Community battler’s spirit wins
A life of struggles has been left behind by Julie King who has stepped into a world of good after being recognised with a national community spirit award.
King, who was among 24 of the country’s finalists for the inaugural Pride of New Zealand Awards, was announced winner of the Community Spirit Award on Wednesday. ‘‘I kind of freaked out at first,’’ she said. The bubbly winner appears a happy person on the outside but King admits it was not always that way. ‘‘The me before would like to be alone.’’ Her personal battle started at the young age of 11 with her grandmother’s death.
The event caused her to ‘‘lose hope’’ and she spiralled into self-destruction.
‘‘I was just struggling with life, I was in and out of hospital,’’ she said.
‘‘I never believed in myself but I had my beautiful friends around.’’
Something changed in May last year when the mother of four decided to stand up against synthetic cannabis.
‘‘I thought enough was enough, even if I have to look silly and stand there by myself.
‘‘I was hearing how it was breaking up families and robbing people.’’
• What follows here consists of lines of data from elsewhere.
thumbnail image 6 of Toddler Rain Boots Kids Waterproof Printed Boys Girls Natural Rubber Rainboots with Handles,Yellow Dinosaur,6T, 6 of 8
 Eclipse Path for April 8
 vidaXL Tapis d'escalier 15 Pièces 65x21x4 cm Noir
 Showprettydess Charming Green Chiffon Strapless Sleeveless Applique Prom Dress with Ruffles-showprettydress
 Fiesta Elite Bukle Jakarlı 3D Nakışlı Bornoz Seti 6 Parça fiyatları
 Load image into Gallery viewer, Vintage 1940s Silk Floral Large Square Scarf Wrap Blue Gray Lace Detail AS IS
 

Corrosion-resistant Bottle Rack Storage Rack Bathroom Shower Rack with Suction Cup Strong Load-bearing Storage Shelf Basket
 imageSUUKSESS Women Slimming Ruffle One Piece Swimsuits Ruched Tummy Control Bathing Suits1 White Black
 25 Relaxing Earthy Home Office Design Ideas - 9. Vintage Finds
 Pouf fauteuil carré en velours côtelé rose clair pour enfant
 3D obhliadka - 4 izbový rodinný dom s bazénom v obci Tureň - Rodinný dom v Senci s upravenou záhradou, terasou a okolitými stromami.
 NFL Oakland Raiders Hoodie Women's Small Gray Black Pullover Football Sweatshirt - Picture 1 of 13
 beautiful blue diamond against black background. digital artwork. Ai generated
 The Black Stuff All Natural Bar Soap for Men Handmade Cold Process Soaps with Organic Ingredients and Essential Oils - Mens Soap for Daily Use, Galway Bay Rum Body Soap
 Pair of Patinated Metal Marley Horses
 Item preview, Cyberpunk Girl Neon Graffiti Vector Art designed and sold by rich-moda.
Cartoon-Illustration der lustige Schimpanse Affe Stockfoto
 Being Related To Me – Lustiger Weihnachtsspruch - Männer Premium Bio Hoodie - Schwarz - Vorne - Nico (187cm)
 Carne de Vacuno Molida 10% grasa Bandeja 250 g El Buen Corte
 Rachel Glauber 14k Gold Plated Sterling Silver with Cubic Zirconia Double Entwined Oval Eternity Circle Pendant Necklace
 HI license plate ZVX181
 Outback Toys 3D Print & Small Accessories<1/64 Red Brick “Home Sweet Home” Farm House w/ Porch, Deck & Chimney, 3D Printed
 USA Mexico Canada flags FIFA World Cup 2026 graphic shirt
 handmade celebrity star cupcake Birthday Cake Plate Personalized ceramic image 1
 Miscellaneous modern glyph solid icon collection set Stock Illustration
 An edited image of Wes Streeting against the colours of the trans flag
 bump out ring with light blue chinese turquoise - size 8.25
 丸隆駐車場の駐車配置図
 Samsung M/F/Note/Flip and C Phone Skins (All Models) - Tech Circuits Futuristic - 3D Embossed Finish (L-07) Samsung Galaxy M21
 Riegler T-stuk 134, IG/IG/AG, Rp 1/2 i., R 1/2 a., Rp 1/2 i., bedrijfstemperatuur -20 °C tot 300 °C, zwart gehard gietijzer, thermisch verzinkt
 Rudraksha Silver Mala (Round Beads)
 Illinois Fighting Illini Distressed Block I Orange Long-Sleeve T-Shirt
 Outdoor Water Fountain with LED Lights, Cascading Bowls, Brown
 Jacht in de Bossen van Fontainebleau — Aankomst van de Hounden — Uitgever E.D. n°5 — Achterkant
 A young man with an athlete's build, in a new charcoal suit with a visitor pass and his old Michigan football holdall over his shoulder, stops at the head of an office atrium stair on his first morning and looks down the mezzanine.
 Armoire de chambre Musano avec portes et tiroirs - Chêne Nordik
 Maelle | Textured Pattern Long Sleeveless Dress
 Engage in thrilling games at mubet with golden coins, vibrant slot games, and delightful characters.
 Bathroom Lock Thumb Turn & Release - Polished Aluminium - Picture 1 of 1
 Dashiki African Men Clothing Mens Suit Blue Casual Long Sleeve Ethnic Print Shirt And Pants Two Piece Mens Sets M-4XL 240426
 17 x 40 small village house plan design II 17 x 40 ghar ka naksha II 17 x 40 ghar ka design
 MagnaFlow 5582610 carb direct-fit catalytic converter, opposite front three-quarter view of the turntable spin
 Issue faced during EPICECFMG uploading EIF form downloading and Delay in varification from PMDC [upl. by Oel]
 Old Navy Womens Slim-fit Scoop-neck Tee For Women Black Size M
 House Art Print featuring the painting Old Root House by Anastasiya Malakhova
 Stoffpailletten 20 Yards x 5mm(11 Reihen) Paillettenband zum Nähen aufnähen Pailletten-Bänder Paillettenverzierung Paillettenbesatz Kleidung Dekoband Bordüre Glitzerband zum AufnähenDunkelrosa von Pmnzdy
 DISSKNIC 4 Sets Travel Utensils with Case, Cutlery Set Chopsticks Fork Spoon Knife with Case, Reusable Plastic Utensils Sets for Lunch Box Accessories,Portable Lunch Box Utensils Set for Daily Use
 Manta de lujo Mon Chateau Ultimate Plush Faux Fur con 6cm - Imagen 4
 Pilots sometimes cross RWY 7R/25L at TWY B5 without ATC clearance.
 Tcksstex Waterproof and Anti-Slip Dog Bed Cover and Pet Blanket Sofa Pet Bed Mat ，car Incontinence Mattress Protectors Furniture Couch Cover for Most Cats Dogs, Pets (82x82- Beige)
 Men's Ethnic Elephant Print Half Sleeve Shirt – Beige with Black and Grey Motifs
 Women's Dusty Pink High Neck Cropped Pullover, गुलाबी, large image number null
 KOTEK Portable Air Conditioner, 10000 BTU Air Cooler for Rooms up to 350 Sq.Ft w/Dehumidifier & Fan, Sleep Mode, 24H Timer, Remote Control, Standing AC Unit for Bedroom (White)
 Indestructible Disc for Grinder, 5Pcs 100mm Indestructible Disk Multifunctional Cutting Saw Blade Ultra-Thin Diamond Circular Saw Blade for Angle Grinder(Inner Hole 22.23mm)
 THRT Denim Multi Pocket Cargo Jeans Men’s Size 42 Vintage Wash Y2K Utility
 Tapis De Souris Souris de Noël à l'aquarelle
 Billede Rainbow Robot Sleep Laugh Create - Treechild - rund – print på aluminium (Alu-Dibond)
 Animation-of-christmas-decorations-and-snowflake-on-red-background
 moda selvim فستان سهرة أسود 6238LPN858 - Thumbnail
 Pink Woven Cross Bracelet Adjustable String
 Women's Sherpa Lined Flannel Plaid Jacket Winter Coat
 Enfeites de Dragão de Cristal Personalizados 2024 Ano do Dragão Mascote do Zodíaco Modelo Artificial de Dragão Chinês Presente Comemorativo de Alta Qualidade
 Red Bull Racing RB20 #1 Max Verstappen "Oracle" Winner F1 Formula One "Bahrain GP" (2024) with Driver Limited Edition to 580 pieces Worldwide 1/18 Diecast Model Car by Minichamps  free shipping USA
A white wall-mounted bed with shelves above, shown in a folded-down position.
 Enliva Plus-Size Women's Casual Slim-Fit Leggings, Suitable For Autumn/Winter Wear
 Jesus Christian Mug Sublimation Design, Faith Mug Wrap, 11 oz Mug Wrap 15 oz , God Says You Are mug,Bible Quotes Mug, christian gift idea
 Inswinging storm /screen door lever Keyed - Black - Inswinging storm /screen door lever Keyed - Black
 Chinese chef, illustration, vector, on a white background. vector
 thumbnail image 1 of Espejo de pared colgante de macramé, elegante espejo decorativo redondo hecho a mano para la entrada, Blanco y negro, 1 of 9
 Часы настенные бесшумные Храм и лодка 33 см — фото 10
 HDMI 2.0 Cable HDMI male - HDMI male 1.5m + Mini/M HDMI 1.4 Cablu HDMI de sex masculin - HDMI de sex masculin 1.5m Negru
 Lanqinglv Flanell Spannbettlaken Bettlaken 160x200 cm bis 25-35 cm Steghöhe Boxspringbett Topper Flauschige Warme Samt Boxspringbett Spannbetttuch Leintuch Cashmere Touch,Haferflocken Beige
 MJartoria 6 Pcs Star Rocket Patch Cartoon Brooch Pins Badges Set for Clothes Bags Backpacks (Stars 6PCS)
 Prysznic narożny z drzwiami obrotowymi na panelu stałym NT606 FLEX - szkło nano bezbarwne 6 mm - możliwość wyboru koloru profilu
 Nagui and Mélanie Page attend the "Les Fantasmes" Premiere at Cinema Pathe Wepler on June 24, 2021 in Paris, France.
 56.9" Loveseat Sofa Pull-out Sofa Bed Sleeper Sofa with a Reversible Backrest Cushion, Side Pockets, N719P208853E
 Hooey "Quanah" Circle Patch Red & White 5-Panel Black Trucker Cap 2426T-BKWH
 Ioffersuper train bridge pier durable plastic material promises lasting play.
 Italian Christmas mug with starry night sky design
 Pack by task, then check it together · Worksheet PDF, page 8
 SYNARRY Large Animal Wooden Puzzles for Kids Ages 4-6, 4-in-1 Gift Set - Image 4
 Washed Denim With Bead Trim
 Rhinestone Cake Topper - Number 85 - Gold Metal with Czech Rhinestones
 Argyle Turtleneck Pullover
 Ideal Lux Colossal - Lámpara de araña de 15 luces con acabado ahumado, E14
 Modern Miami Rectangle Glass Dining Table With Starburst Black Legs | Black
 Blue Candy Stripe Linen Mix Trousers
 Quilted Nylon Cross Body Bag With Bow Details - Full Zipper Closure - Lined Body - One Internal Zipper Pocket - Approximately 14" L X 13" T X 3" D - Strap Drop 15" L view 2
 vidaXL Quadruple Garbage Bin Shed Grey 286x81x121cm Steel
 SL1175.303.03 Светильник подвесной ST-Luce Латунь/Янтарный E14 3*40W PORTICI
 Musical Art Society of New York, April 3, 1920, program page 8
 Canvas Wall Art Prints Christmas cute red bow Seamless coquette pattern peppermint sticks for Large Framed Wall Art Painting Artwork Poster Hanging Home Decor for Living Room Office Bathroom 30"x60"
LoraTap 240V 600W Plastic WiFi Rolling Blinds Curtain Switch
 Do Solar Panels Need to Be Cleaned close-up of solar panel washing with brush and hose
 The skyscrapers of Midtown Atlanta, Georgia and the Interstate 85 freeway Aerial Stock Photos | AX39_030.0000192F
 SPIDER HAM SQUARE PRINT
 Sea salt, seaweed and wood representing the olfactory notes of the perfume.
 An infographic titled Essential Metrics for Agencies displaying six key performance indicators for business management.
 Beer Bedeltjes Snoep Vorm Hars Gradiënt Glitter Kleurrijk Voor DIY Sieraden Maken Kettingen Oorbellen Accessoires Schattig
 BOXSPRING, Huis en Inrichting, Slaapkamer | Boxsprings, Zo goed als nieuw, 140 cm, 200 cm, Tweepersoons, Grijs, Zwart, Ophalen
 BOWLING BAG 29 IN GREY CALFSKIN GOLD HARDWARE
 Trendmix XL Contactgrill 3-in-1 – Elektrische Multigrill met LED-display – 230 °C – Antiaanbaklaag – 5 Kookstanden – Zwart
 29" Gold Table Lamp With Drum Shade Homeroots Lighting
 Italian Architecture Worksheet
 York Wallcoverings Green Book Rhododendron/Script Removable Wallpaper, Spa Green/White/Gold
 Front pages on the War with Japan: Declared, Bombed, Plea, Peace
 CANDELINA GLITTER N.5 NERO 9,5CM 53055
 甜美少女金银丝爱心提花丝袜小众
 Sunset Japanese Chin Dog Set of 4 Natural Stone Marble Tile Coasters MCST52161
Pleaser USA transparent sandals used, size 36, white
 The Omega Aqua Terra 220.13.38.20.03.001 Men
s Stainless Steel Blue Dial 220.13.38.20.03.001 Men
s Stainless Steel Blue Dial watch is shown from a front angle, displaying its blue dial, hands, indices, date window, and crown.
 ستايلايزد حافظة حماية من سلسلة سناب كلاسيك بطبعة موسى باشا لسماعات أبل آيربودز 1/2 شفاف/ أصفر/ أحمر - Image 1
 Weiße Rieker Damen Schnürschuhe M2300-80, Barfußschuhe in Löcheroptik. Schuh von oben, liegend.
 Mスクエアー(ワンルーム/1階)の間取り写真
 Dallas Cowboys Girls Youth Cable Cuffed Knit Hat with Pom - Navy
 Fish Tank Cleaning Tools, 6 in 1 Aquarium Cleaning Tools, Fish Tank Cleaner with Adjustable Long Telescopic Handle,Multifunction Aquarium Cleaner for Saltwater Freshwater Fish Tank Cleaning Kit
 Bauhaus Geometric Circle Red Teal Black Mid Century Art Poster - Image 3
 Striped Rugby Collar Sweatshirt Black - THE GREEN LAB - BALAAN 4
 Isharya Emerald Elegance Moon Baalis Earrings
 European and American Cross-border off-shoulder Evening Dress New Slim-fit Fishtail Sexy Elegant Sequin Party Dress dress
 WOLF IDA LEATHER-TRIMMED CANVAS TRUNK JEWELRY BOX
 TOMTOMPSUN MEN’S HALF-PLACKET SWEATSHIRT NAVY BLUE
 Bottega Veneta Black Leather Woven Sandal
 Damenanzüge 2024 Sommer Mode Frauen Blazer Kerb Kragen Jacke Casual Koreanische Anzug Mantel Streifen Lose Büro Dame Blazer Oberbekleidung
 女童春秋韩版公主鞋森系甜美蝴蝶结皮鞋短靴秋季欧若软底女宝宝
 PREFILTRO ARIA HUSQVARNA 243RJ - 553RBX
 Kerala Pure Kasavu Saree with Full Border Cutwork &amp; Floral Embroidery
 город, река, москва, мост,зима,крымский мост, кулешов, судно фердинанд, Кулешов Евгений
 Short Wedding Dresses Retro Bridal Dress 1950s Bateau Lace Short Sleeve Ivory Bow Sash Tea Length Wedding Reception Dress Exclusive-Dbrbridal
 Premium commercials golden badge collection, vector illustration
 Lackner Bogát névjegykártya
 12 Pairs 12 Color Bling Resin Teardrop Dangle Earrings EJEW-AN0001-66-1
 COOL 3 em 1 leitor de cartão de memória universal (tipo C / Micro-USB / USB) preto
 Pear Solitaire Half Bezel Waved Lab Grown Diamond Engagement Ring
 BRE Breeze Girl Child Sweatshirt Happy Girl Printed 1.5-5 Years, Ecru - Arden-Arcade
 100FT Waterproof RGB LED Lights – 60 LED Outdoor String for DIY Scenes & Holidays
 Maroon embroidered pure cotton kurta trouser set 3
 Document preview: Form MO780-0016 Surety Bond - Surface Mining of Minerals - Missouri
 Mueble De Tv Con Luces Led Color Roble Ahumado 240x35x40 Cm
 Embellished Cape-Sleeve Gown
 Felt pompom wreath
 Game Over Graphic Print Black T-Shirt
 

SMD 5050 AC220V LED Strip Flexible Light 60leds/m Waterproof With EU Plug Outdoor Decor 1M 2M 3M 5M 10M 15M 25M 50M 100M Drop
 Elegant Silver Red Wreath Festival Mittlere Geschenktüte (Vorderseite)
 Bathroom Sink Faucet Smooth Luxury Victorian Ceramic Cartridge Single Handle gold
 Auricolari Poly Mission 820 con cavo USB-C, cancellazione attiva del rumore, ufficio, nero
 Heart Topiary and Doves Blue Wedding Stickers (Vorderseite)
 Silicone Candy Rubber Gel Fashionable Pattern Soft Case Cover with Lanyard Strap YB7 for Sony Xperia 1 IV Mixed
In one short year King managed to bring a community together to protest against and help ban the sale of legal highs.
And she also brought them into the kitchen with Tokoroa Love Soup.
Though she is originally from West Auckland she grew up visiting her aunty in Tokoroa.
And the sense of community grabbed her right from the start.
‘‘I’ve always been drawn to Tokoroa . . . it’ll always be where I belong.’’
Unbelievable: Julie King was surprised to receive the inaugural TSB community spirit award.